“Saya selaku Pengurus Jakmania Subang sudah beberapa kali berkomunikasi dengan pengurus Persib Fans dan mendapatkan respons yang sangat baik tentang rivalitas yang sehat, seperti tidak ada ujaran kebencian, rasisme, seksisme, vandalisme, dan kriminalisme,” jelasnya.
Dialog ini dinilai krusial karena menjadi fondasi perdamaian sepakbola di akar rumput. “Kami ini tetangga, besok pasti bertemu lagi setelah pertandingan. Jadi tanggung jawab sosialnya jauh lebih terasa,” ujar Zaelani.
Kesadaran akan pentingnya rivalitas sehat juga lahir dari memori kolektif yang menyakitkan.
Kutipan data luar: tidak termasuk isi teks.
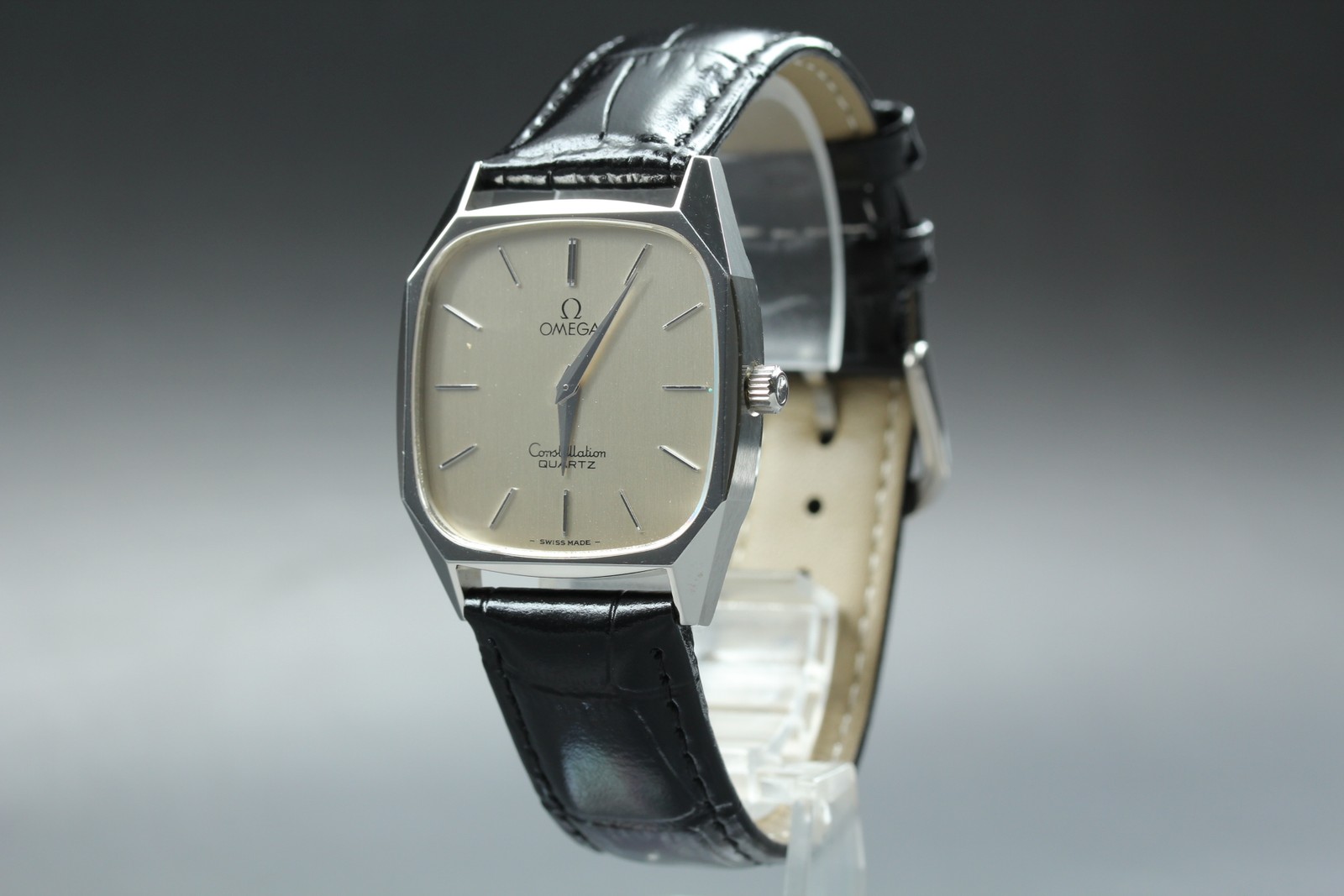 1979 MINT OMEGA Constellation 32mm 191.0014 Quartz Silver Dial Men’s Vintage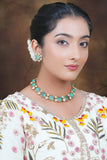 Handcrafted gulzar polki necklace set inspired by heritage jewellery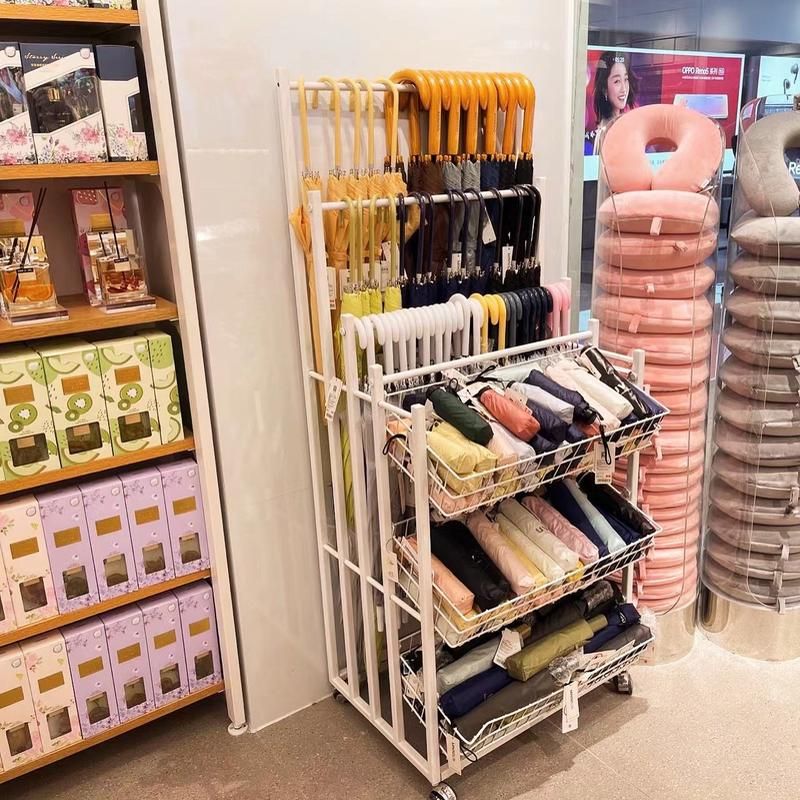 우산 판매대 진열대 선반 디스플레이 슈퍼마켓 이동식 - 상세 이미지 3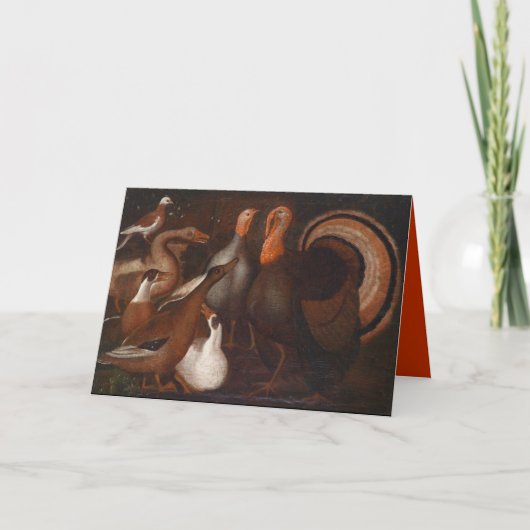 ターキーダック詩ThanksgIving inside greeting C シーズンカード (正面)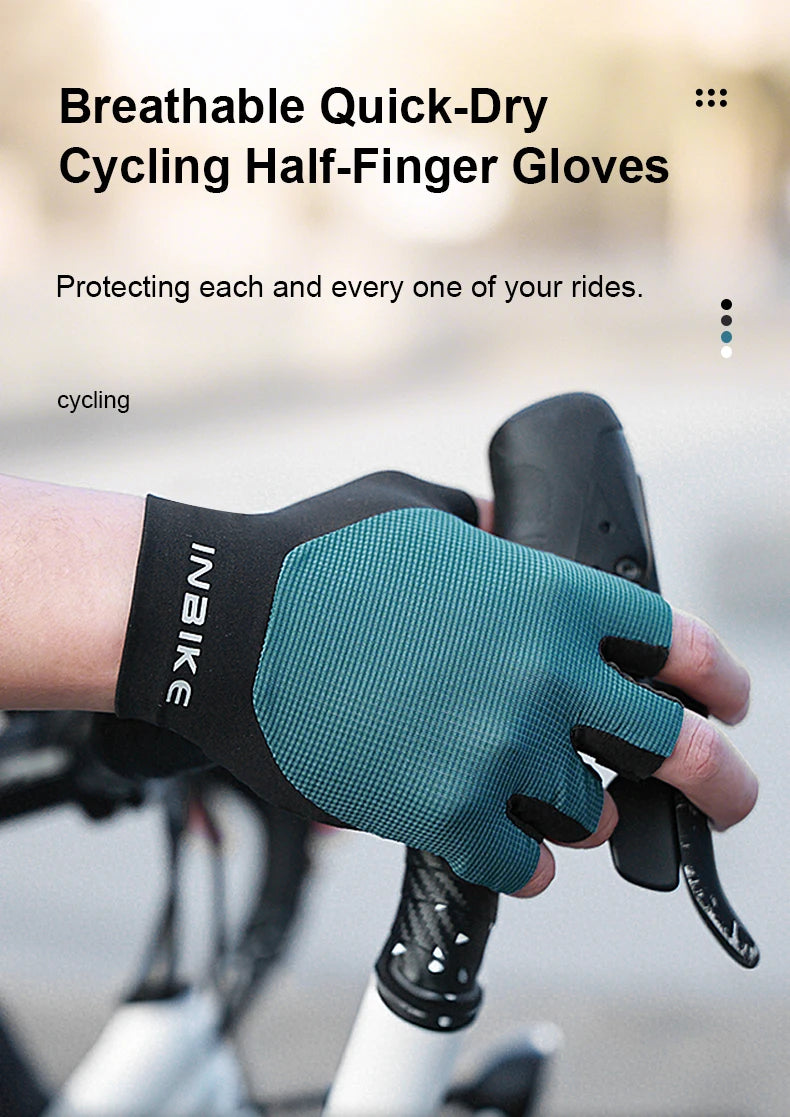 INBIKE Half Finger Cycling Gloves Summer Bicycle Gloves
Tragedi Kanjuruhan masih menjadi bayang-bayang kelam yang terus diingat oleh komunitas suporter di berbagai daerah, termasuk Subang.
“Karena dari hasil pertemuan serta perbincangan, kita selalu berkaca dengan tragedi Kanjuruhan, bahkan korban-korban yang meninggal karena rivalitas buta yang menyebabkan tangis dan rasa kehilangan,” tuturnya dengan nada serius.
Di Subang, refleksi itu terasa lebih personal. Kedekatan emosional dengan Jakarta dan Bandung membuat rasa kehilangan bisa datang dari “sanak” di salah satu kota tersebut.
Harapan besar pun disematkan agar Subang menjadi contoh tumbuhnya rivalitas sehat. Di sini, pemandangan seorang anak mengenakan jersey Persib karena mengikuti kakaknya, sementara sang ayah setia mendukung Persija, adalah hal lumrah. Perdebatan sengit terjadi di ruang keluarga, tetapi kerap berakhir dengan tawa.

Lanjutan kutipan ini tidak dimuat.